Records from a data collection:

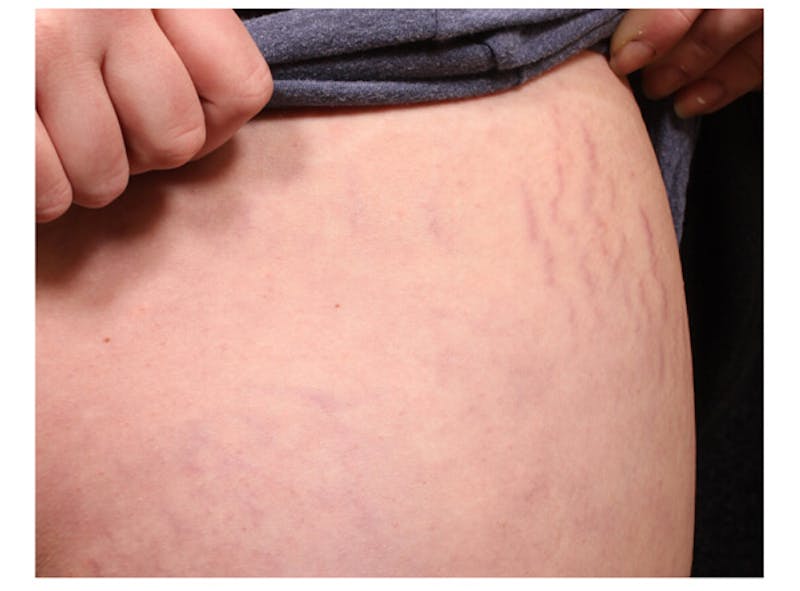 Stretchmarks Before & After Gallery - Patient 37499697 - Image 3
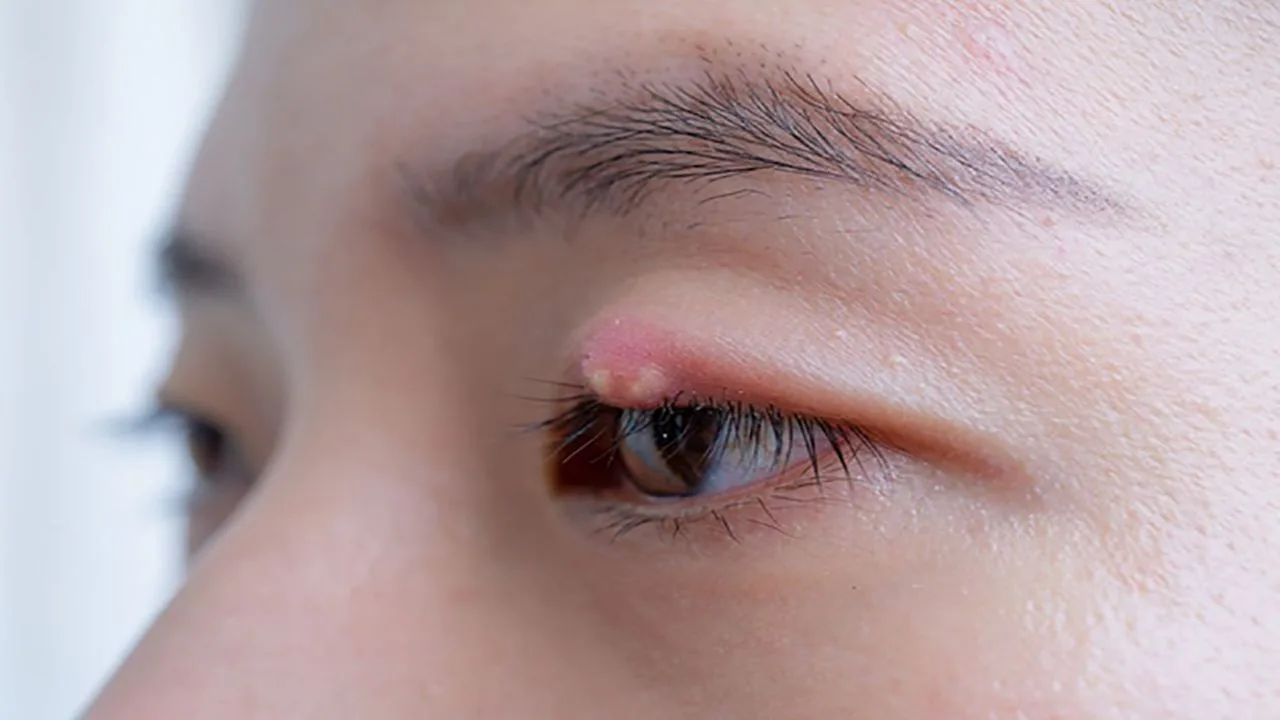 How to Get Rid of a Stye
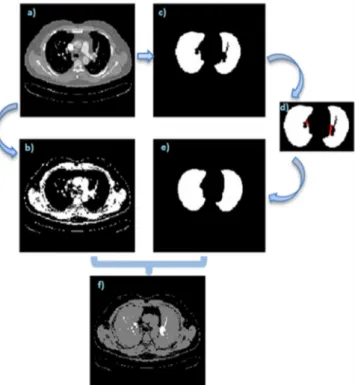 Fig. 2. Segmental and subsegmental vessel segmentation: (a) – the original 2D  image; (b) – threshold  image by taking  vessels; (c) – segmented  2D lungs  without  their  vessels; (d) – adding  vessels  on  the  lungs; (e) – segmented  lung  with  their  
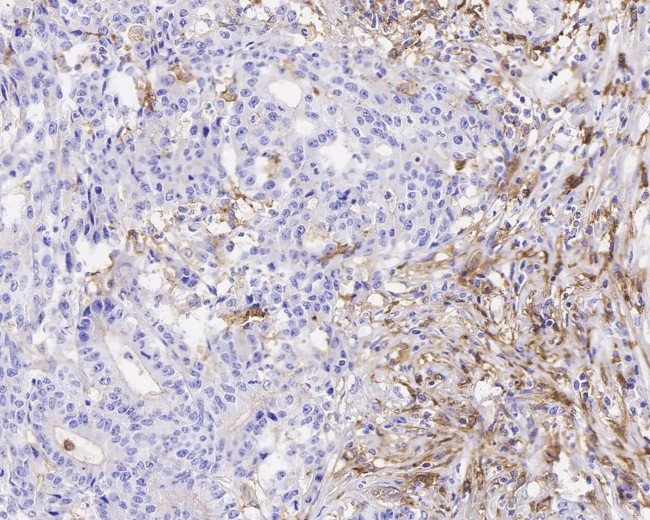 CD14 Antibody in Immunohistochemistry (Paraffin) (IHC (P))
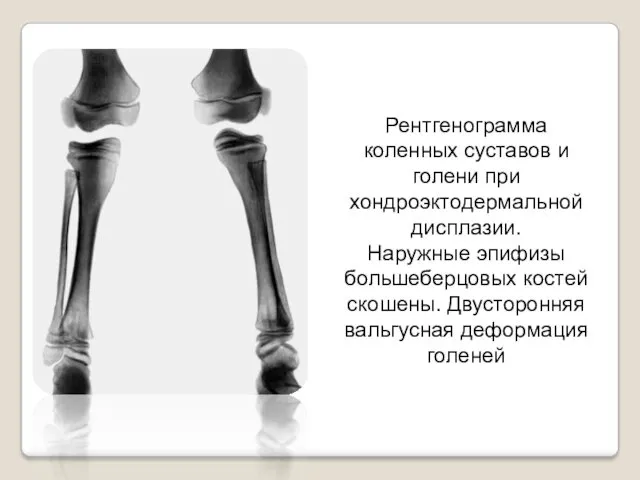 Рентгенограмма коленных суставов и голени при хондроэктодермальной дисплазии. Наружные эпифизы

## Work instruction
Print all of the records shown above exactly, leaving out each picture.

## Answer to the exercise
 Stretchmarks Before & After Gallery - Patient 37499697 - Image 3
 How to Get Rid of a Stye
 Fig. 2. Segmental and subsegmental vessel segmentation: (a) – the original 2D  image; (b) – threshold  image by taking  vessels; (c) – segmented  2D lungs  without  their  vessels; (d) – adding  vessels  on  the  lungs; (e) – segmented  lung  with  their  
 CD14 Antibody in Immunohistochemistry (Paraffin) (IHC (P))
 Рентгенограмма коленных суставов и голени при хондроэктодермальной дисплазии. Наружные эпифизы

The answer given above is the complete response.